La factura de los toros

Europa Press Entertainment via Getty ImagesPlaza de Toros de Las Ventas. La ciudad de La capital española está sumida en medio de una tercera ola de la COVID-19. Atravesamos, probablemente, la mayor crisis sanitaria, social

La ciudad de La capital española está sumida en medio de una tercera ola de la COVID-19. Atravesamos, probablemente, la mayor crisis sanitaria, social y asistencial que hayamos vivido en los últimos 80 años. Y la cantidad de necesidades urgentes que el Municipio debería estar resolviendo a una cantidad enorme de madrileños y madrileñas que lo están pasando verdaderamente mal es sobrecogedora. No obstante, el Gobierno de Almeida y Villacís, apoyado en Vox, decide subir a los madrileños y madrileñas la factura de los toros. 

El Pleno del Municipio de Madrid aprobó esta semana, solo con el voto en contra de Más Madrid, la administración directa de la Escuela de Tauromaquia municipal. Es lo primero que hay que hacer para que la Comunidad de La capital de españa pueda liberarse de la escuela que mantenía en Las Ventas, endosándosela al Ayuntamiento a través de la unificación de las dos academias en la Venta del Batán.

Esta ‘unificación’ va a tener un coste altísimo para las arcas municipales, ya que solo para la rehabilitación de las instalaciones se estimó hace siete años un coste de 670.000 euros. Lógicamente, a día de hoy la inversión va a ser considerablemente más elevada y se acercaría al millón de euros. Un millón para una actividad que, en el momento en que terminó en la Venta del Batán, tenía 33 alumnos. 

Hasta entonces, el Ayuntamiento elimina la Dirección General de Igualdad. ¿Recursos públicos para políticas de igualdad? No ¿Recursos públicos para impulsar la tauromaquia? Sí.
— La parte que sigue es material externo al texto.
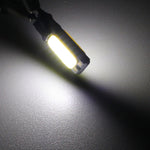 2 PCS T10 6W 180LM Double-Faced 2 COB LED Decode Canbus Error-Free Car Clearnce Reading Lamp, DC 12V, 2 COB LEDs
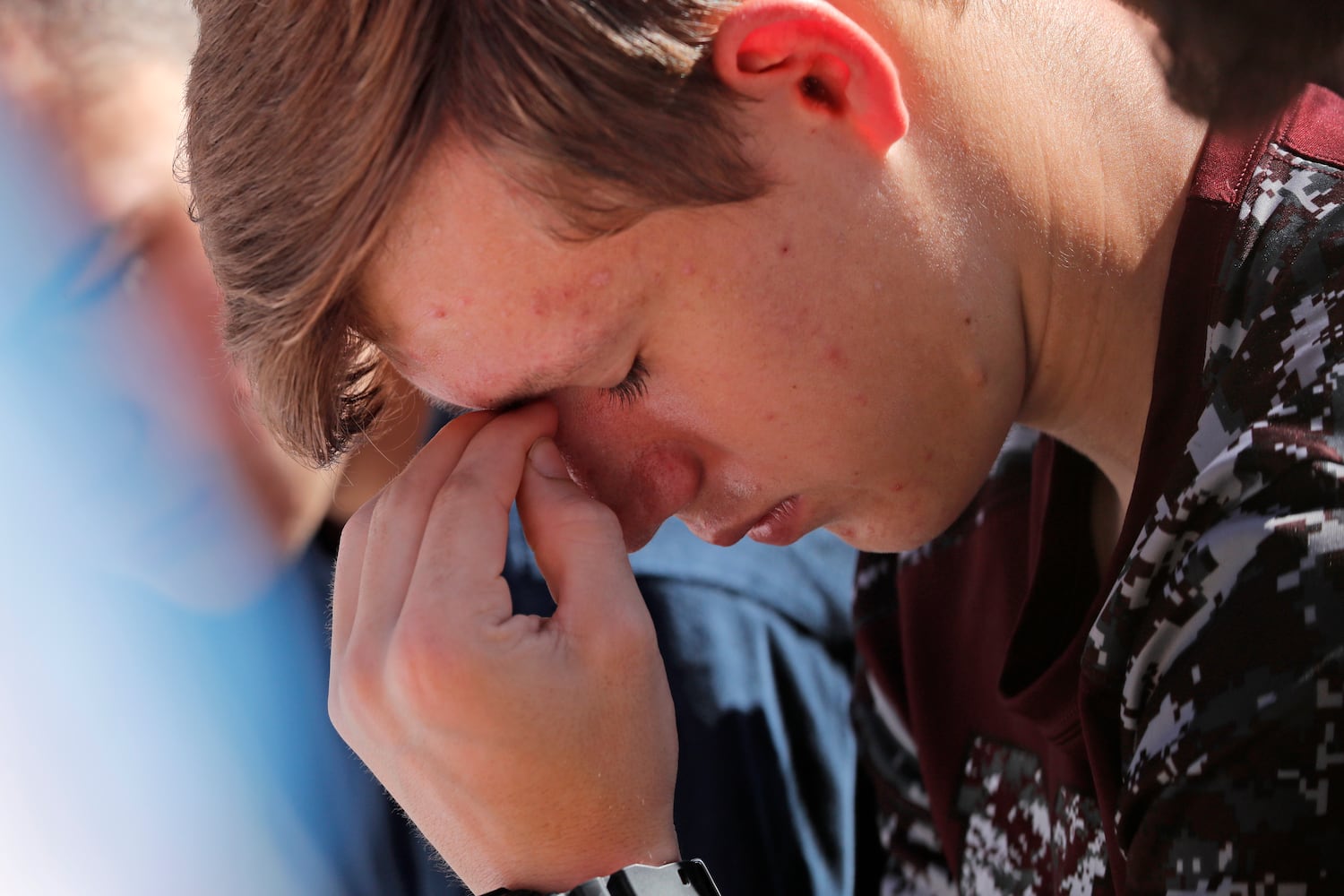 Photos: Nation mourns after Florida school shooting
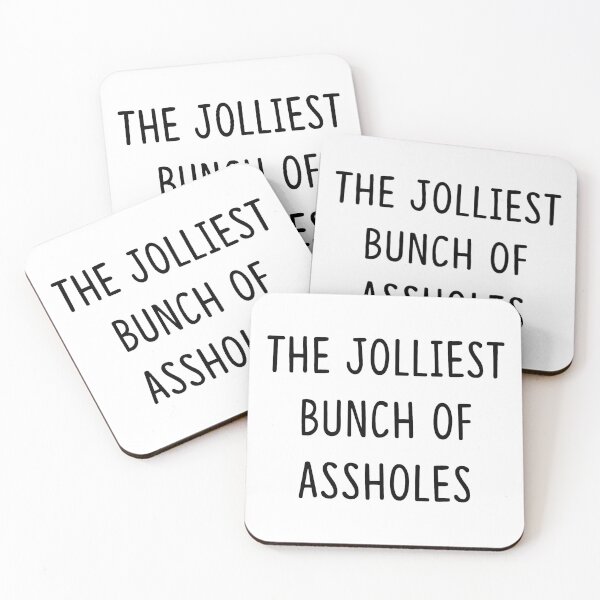 Item preview, the jolliest bunch of assholes designed and sold by vickys-life.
Semeja que el Gobierno de Almeida tiene clarísimas sus preferencias y no son, exactamente, las que nos hacen avanzar como sociedad. 

Tampoco es una prioridad para el alcalde percibir al Comité de Derechos del Niño de la ONU, que en 2018 se dirigió a los países donde aún se celebran espectáculos taurinos (8 a nivel mundial) con la siguiente recomendación: “Con la intención de prevenir los efectos dañinos de la tauromaquia en los niños, el Comité recomienda que se prohíba la participación de inferiores de 18 años como toreros o como espectadores de eventos taurinos.”

Ignorando esta recomendación, que insta a las gestiones a resguardar a los inferiores de 18 años de la tauromaquia, el Municipio decide impulsar una escuela de tauromaquia  para que pequeños y adolescentes aprendan a humillar, maltratar y matar animales. 

El La capital española de Almeida está cada vez más lejos de parecerse a alguno de las grandes capitales de europa, ¿quién podría imaginarse al Ayuntamiento de París, de Berlín o de Copenhague gastando gigantes cantidades de dinero público en impulsar una escuela a fin de que los niños maten becerros? 

Estas cunas del castigo animal son impensables en cualquiera de las enormes capitales de europa que nos inspiran, pero aquí están protegidas por la Ley que en 2013 blindó legalmente la tauromaquia. Fue el PP de Mariano Rajoy el que, con su mayoría absoluta en el Congreso, declaró por Ley la Tauromaquia como Patrimonio Cultural (a través de una ILP que estuvo cubierta en varias irregularidades).Y lo logró para dificultar el progreso de cualquier iniciativa o bien emprendimiento que pusiese en cuestión la actividad, fue un cortafuegos para las numerosas ideas ciudadanas que lograban apoyos masivos y que avanzaban de manera incontenible. 

Ahora, en 2021, en plena crisis, nos preguntamos, ¿no debería tener Andrea Levy,  encargada del Área de Cultura del Ayuntamiento de La capital española, otras prioridades? Por el hecho de que el Observatorio de la Cultura ha calculado que, solo a lo largo del confinamiento, el área cultural había perdido el 36,5 % de sus capital de todo el año y el 65 % ha debido suspender sus ocupaciones terminantemente. De esta forma, observamos cómo Levy saca pecho de su apoyo inalterable a la tauromaquia mientras que recorta un 23,7 % las ayudas al resto de la civilización en Madrid.

Almeida, Villacís y sus asociados de la extrema derecha nos están dejando una ciudad gris y anacrónica, una localidad pegada al pasado en vez de proyectada hacia el futuro.

Una ciudad peor para las personas, para el medio ámbito y también para los animales.